— Given entries —
=-=-=

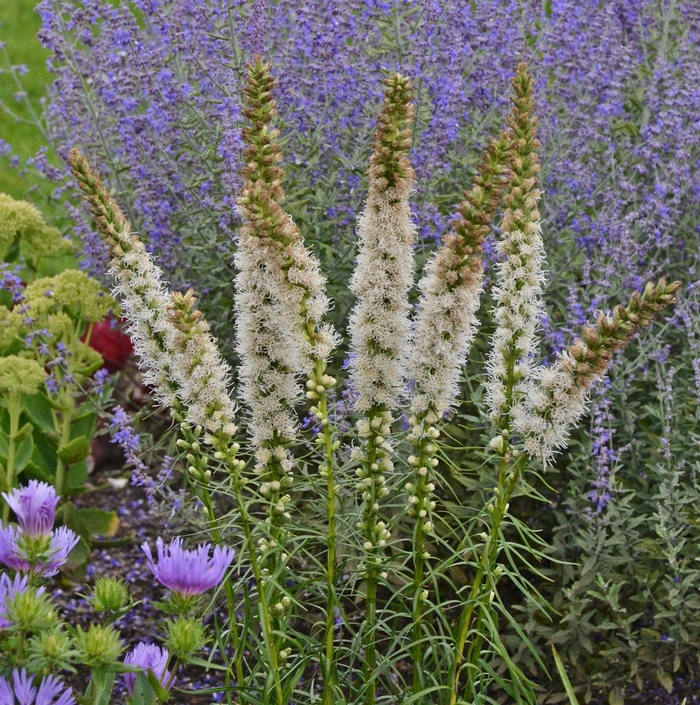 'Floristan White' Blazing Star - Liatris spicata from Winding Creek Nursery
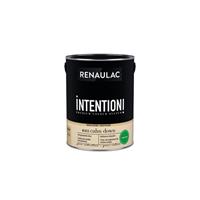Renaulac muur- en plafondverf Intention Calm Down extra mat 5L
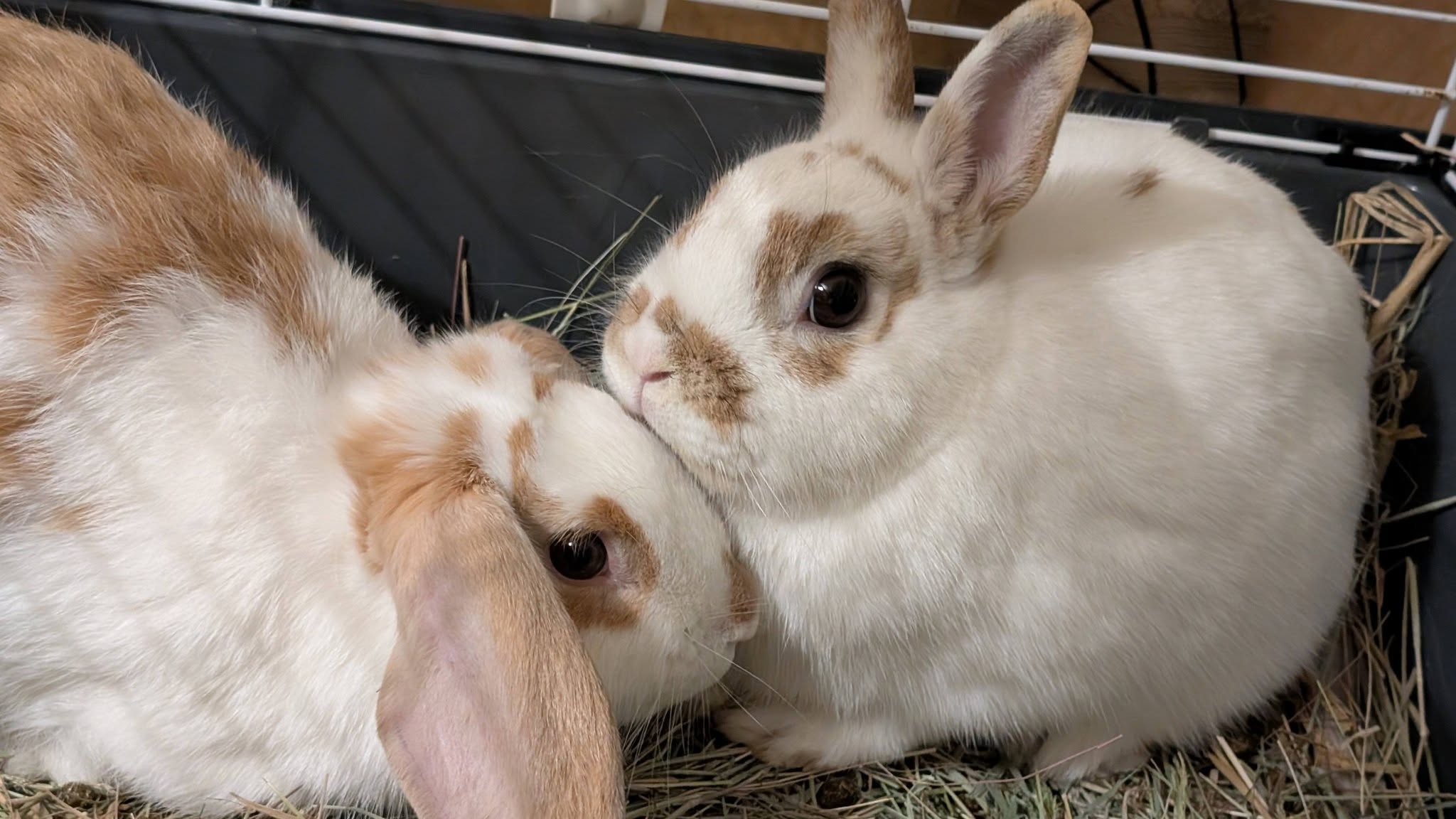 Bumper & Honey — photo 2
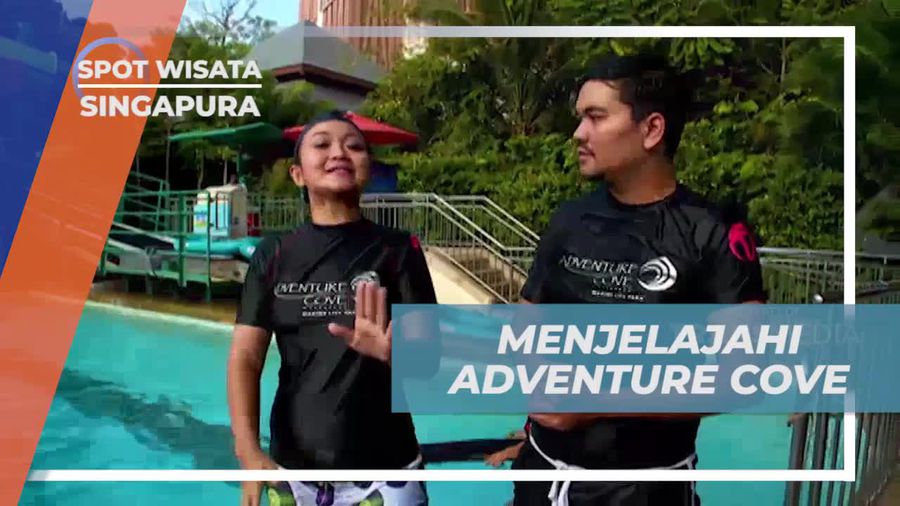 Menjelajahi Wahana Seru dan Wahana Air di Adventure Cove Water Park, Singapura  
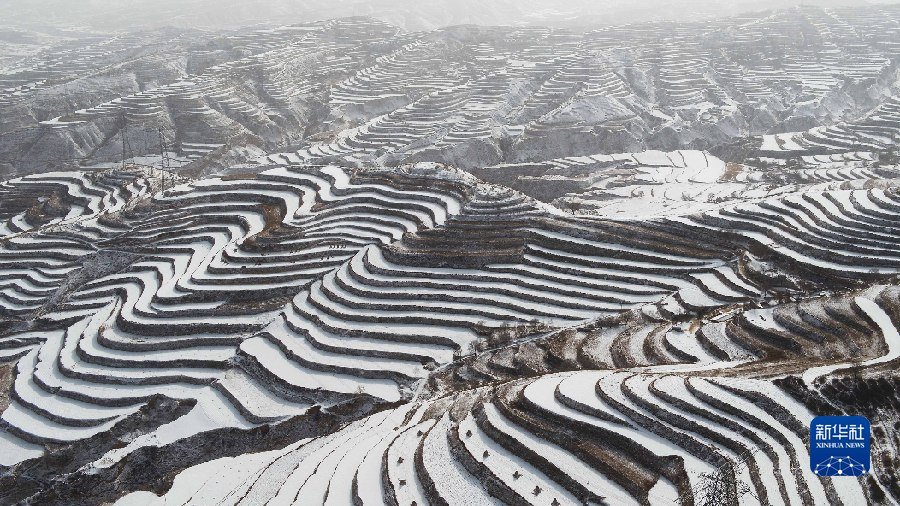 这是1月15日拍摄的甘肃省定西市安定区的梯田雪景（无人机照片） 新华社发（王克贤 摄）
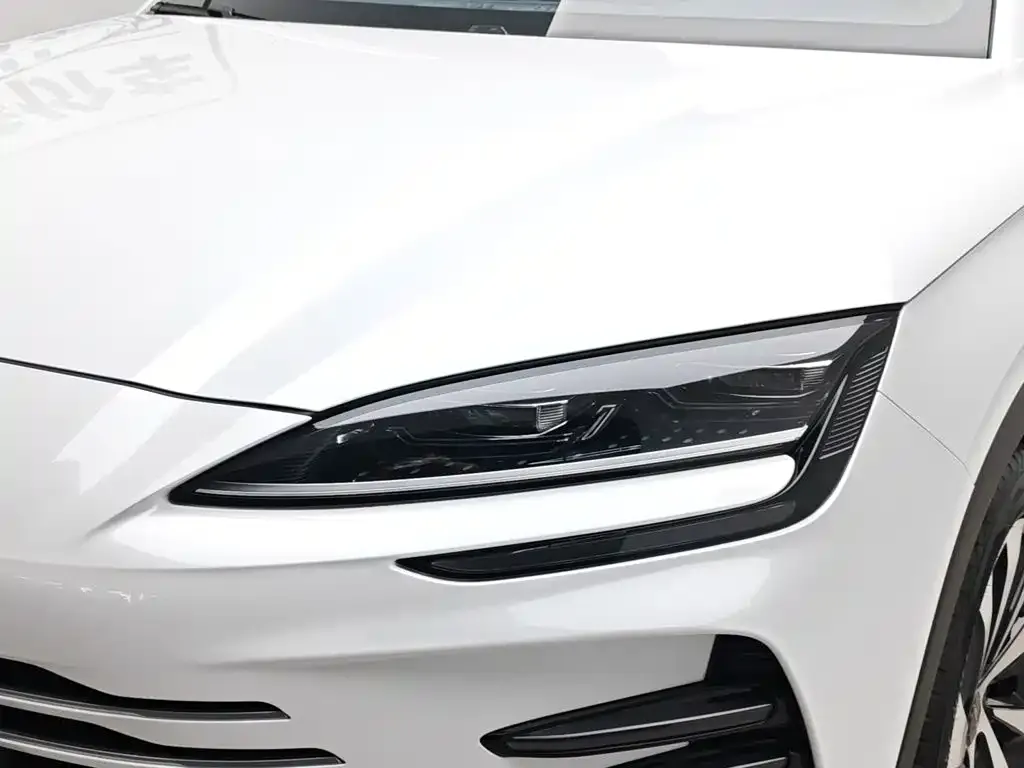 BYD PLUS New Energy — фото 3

=-=-=

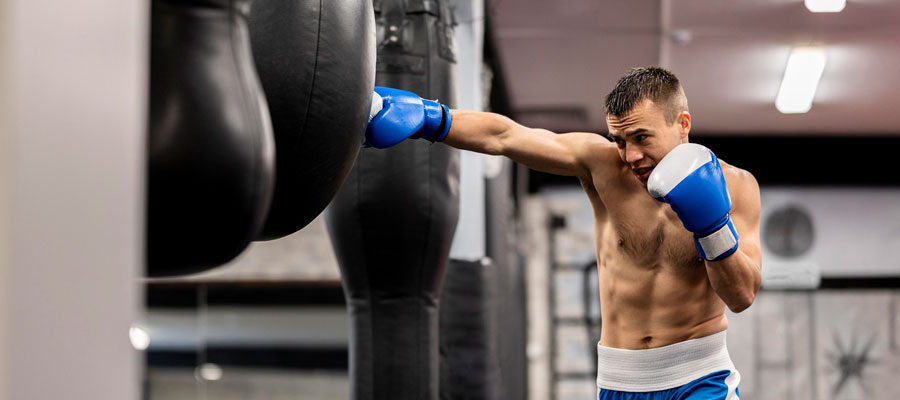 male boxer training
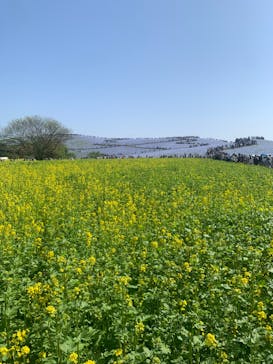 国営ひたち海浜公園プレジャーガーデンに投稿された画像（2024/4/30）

=-=-=

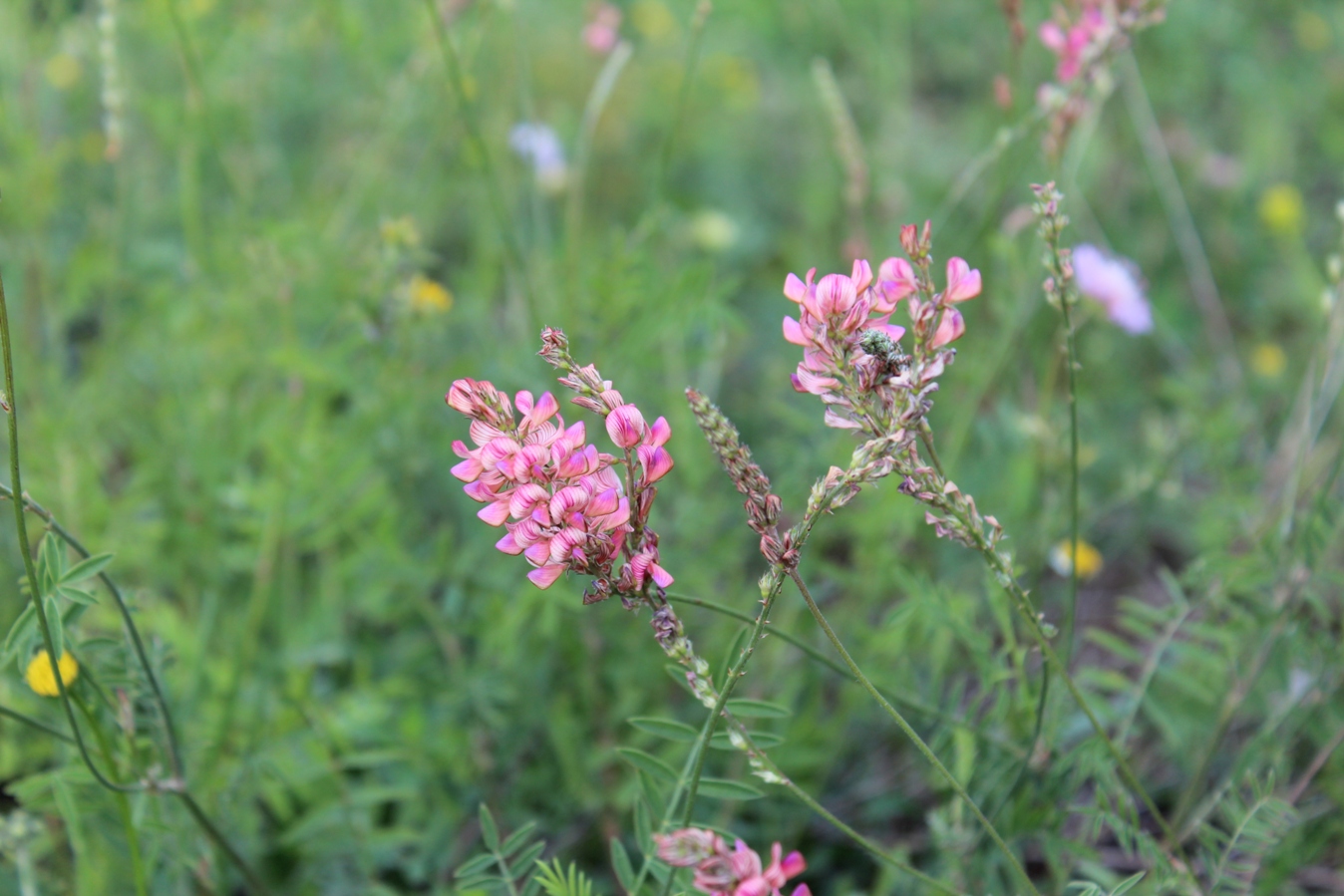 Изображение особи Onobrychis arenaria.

=-=-=

— Instructions for the task —
In the data above, start at the line holding "Winding Creek Nursery" and stop after the line holding "BYD PLUS New Energy — фото 3"; write out those lines exactly, without pictures.

— Result —
 'Floristan White' Blazing Star - Liatris spicata from Winding Creek Nursery
Renaulac muur- en plafondverf Intention Calm Down extra mat 5L
 Bumper & Honey — photo 2
 Menjelajahi Wahana Seru dan Wahana Air di Adventure Cove Water Park, Singapura  
 这是1月15日拍摄的甘肃省定西市安定区的梯田雪景（无人机照片） 新华社发（王克贤 摄）
 BYD PLUS New Energy — фото 3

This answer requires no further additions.